= EXERCISE =
Your answer should be the data below, reproduced with nothing changed.

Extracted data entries
----
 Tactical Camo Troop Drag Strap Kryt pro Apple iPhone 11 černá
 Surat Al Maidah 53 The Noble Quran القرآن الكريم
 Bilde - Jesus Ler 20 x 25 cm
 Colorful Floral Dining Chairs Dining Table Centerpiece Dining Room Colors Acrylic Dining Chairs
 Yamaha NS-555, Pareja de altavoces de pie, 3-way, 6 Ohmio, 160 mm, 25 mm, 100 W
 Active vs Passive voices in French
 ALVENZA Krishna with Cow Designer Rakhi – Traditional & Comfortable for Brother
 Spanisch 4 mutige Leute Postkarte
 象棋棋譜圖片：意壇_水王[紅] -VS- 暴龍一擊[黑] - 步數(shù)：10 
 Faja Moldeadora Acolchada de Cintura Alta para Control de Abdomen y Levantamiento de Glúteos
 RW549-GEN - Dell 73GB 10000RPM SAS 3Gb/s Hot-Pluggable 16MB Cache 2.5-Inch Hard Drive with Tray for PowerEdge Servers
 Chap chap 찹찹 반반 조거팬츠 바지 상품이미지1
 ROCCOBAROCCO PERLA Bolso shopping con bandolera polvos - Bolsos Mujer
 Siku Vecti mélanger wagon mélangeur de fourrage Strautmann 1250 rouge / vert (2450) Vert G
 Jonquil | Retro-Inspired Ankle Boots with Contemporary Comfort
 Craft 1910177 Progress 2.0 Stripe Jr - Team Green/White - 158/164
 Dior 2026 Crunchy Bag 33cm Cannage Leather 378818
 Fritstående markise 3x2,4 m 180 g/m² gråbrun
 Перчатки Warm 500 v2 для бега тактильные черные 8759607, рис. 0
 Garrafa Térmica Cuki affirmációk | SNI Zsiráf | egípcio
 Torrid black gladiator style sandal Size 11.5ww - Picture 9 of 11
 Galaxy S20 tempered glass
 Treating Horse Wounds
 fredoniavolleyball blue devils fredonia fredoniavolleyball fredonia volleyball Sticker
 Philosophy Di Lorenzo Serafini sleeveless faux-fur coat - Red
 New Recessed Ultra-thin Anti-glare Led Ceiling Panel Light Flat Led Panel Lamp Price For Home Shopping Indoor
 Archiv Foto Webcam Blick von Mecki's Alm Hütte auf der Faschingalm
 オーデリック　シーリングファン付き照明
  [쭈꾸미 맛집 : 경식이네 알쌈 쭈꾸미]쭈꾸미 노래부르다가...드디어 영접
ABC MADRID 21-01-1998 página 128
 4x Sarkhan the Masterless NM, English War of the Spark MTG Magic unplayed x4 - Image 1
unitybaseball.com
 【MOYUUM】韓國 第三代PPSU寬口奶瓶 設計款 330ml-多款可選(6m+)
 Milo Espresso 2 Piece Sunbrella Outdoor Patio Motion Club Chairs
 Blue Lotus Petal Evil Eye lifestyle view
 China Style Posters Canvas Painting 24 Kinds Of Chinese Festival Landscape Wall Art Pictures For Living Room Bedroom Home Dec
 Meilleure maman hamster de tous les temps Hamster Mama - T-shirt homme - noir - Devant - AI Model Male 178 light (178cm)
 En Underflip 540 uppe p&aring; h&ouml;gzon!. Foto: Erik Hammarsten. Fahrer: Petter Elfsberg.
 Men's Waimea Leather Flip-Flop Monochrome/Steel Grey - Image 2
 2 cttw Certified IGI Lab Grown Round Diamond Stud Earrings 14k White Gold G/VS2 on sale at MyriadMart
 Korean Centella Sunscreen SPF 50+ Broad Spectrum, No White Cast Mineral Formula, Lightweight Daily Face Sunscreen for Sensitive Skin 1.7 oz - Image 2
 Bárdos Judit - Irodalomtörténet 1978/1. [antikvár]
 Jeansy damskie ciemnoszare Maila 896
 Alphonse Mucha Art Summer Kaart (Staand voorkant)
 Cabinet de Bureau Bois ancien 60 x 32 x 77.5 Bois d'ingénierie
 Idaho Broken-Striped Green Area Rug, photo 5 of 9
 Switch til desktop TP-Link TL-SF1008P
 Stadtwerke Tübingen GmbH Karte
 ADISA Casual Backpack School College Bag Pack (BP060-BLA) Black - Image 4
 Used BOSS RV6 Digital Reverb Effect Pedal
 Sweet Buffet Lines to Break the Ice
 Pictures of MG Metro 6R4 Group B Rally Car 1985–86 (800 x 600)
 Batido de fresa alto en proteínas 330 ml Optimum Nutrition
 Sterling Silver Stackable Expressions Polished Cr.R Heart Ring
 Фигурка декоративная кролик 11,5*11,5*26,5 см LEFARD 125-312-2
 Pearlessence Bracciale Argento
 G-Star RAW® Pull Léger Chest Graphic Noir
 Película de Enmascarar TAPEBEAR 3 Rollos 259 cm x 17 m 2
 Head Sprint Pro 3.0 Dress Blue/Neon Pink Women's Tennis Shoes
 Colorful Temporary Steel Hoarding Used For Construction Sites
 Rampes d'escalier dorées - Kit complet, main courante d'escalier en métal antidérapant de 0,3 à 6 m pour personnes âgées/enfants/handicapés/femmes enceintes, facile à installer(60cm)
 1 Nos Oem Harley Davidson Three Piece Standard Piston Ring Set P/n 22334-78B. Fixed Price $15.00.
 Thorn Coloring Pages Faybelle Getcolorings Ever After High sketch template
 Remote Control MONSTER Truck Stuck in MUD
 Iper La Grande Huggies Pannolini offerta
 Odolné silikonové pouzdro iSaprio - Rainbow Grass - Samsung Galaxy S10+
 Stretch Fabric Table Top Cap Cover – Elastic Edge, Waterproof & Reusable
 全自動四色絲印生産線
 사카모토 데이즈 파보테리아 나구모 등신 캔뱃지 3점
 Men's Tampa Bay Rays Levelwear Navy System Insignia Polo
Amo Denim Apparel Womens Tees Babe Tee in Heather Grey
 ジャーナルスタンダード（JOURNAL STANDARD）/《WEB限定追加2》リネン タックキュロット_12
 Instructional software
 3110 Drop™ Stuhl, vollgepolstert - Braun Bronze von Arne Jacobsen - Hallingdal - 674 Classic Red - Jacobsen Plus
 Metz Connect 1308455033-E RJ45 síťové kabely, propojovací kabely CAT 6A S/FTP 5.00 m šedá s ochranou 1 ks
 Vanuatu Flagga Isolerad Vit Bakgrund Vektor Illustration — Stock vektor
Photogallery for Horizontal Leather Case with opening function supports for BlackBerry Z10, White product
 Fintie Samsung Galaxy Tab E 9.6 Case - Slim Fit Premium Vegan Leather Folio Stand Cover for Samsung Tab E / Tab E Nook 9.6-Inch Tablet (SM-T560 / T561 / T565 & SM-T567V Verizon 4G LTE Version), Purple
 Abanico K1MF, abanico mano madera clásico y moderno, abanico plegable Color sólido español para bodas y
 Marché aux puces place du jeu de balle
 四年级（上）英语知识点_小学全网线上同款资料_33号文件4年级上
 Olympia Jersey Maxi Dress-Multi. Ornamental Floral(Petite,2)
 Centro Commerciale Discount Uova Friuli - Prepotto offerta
----
= EXERCISE ANSWER =
 Tactical Camo Troop Drag Strap Kryt pro Apple iPhone 11 černá
 Surat Al Maidah 53 The Noble Quran القرآن الكريم
 Bilde - Jesus Ler 20 x 25 cm
 Colorful Floral Dining Chairs Dining Table Centerpiece Dining Room Colors Acrylic Dining Chairs
 Yamaha NS-555, Pareja de altavoces de pie, 3-way, 6 Ohmio, 160 mm, 25 mm, 100 W
 Active vs Passive voices in French
 ALVENZA Krishna with Cow Designer Rakhi – Traditional & Comfortable for Brother
 Spanisch 4 mutige Leute Postkarte
 象棋棋譜圖片：意壇_水王[紅] -VS- 暴龍一擊[黑] - 步數(shù)：10 
 Faja Moldeadora Acolchada de Cintura Alta para Control de Abdomen y Levantamiento de Glúteos
 RW549-GEN - Dell 73GB 10000RPM SAS 3Gb/s Hot-Pluggable 16MB Cache 2.5-Inch Hard Drive with Tray for PowerEdge Servers
 Chap chap 찹찹 반반 조거팬츠 바지 상품이미지1
 ROCCOBAROCCO PERLA Bolso shopping con bandolera polvos - Bolsos Mujer
 Siku Vecti mélanger wagon mélangeur de fourrage Strautmann 1250 rouge / vert (2450) Vert G
 Jonquil | Retro-Inspired Ankle Boots with Contemporary Comfort
 Craft 1910177 Progress 2.0 Stripe Jr - Team Green/White - 158/164
 Dior 2026 Crunchy Bag 33cm Cannage Leather 378818
 Fritstående markise 3x2,4 m 180 g/m² gråbrun
 Перчатки Warm 500 v2 для бега тактильные черные 8759607, рис. 0
 Garrafa Térmica Cuki affirmációk | SNI Zsiráf | egípcio
 Torrid black gladiator style sandal Size 11.5ww - Picture 9 of 11
 Galaxy S20 tempered glass
 Treating Horse Wounds
 fredoniavolleyball blue devils fredonia fredoniavolleyball fredonia volleyball Sticker
 Philosophy Di Lorenzo Serafini sleeveless faux-fur coat - Red
 New Recessed Ultra-thin Anti-glare Led Ceiling Panel Light Flat Led Panel Lamp Price For Home Shopping Indoor
 Archiv Foto Webcam Blick von Mecki's Alm Hütte auf der Faschingalm
 オーデリック　シーリングファン付き照明
  [쭈꾸미 맛집 : 경식이네 알쌈 쭈꾸미]쭈꾸미 노래부르다가...드디어 영접
ABC MADRID 21-01-1998 página 128
 4x Sarkhan the Masterless NM, English War of the Spark MTG Magic unplayed x4 - Image 1
unitybaseball.com
 【MOYUUM】韓國 第三代PPSU寬口奶瓶 設計款 330ml-多款可選(6m+)
 Milo Espresso 2 Piece Sunbrella Outdoor Patio Motion Club Chairs
 Blue Lotus Petal Evil Eye lifestyle view
 China Style Posters Canvas Painting 24 Kinds Of Chinese Festival Landscape Wall Art Pictures For Living Room Bedroom Home Dec
 Meilleure maman hamster de tous les temps Hamster Mama - T-shirt homme - noir - Devant - AI Model Male 178 light (178cm)
 En Underflip 540 uppe p&aring; h&ouml;gzon!. Foto: Erik Hammarsten. Fahrer: Petter Elfsberg.
 Men's Waimea Leather Flip-Flop Monochrome/Steel Grey - Image 2
 2 cttw Certified IGI Lab Grown Round Diamond Stud Earrings 14k White Gold G/VS2 on sale at MyriadMart
 Korean Centella Sunscreen SPF 50+ Broad Spectrum, No White Cast Mineral Formula, Lightweight Daily Face Sunscreen for Sensitive Skin 1.7 oz - Image 2
 Bárdos Judit - Irodalomtörténet 1978/1. [antikvár]
 Jeansy damskie ciemnoszare Maila 896
 Alphonse Mucha Art Summer Kaart (Staand voorkant)
 Cabinet de Bureau Bois ancien 60 x 32 x 77.5 Bois d'ingénierie
 Idaho Broken-Striped Green Area Rug, photo 5 of 9
 Switch til desktop TP-Link TL-SF1008P
 Stadtwerke Tübingen GmbH Karte
 ADISA Casual Backpack School College Bag Pack (BP060-BLA) Black - Image 4
 Used BOSS RV6 Digital Reverb Effect Pedal
 Sweet Buffet Lines to Break the Ice
 Pictures of MG Metro 6R4 Group B Rally Car 1985–86 (800 x 600)
 Batido de fresa alto en proteínas 330 ml Optimum Nutrition
 Sterling Silver Stackable Expressions Polished Cr.R Heart Ring
 Фигурка декоративная кролик 11,5*11,5*26,5 см LEFARD 125-312-2
 Pearlessence Bracciale Argento
 G-Star RAW® Pull Léger Chest Graphic Noir
 Película de Enmascarar TAPEBEAR 3 Rollos 259 cm x 17 m 2
 Head Sprint Pro 3.0 Dress Blue/Neon Pink Women's Tennis Shoes
 Colorful Temporary Steel Hoarding Used For Construction Sites
 Rampes d'escalier dorées - Kit complet, main courante d'escalier en métal antidérapant de 0,3 à 6 m pour personnes âgées/enfants/handicapés/femmes enceintes, facile à installer(60cm)
 1 Nos Oem Harley Davidson Three Piece Standard Piston Ring Set P/n 22334-78B. Fixed Price $15.00.
 Thorn Coloring Pages Faybelle Getcolorings Ever After High sketch template
 Remote Control MONSTER Truck Stuck in MUD
 Iper La Grande Huggies Pannolini offerta
 Odolné silikonové pouzdro iSaprio - Rainbow Grass - Samsung Galaxy S10+
 Stretch Fabric Table Top Cap Cover – Elastic Edge, Waterproof & Reusable
 全自動四色絲印生産線
 사카모토 데이즈 파보테리아 나구모 등신 캔뱃지 3점
 Men's Tampa Bay Rays Levelwear Navy System Insignia Polo
Amo Denim Apparel Womens Tees Babe Tee in Heather Grey
 ジャーナルスタンダード（JOURNAL STANDARD）/《WEB限定追加2》リネン タックキュロット_12
 Instructional software
 3110 Drop™ Stuhl, vollgepolstert - Braun Bronze von Arne Jacobsen - Hallingdal - 674 Classic Red - Jacobsen Plus
 Metz Connect 1308455033-E RJ45 síťové kabely, propojovací kabely CAT 6A S/FTP 5.00 m šedá s ochranou 1 ks
 Vanuatu Flagga Isolerad Vit Bakgrund Vektor Illustration — Stock vektor
Photogallery for Horizontal Leather Case with opening function supports for BlackBerry Z10, White product
 Fintie Samsung Galaxy Tab E 9.6 Case - Slim Fit Premium Vegan Leather Folio Stand Cover for Samsung Tab E / Tab E Nook 9.6-Inch Tablet (SM-T560 / T561 / T565 & SM-T567V Verizon 4G LTE Version), Purple
 Abanico K1MF, abanico mano madera clásico y moderno, abanico plegable Color sólido español para bodas y
 Marché aux puces place du jeu de balle
 四年级（上）英语知识点_小学全网线上同款资料_33号文件4年级上
 Olympia Jersey Maxi Dress-Multi. Ornamental Floral(Petite,2)
 Centro Commerciale Discount Uova Friuli - Prepotto offerta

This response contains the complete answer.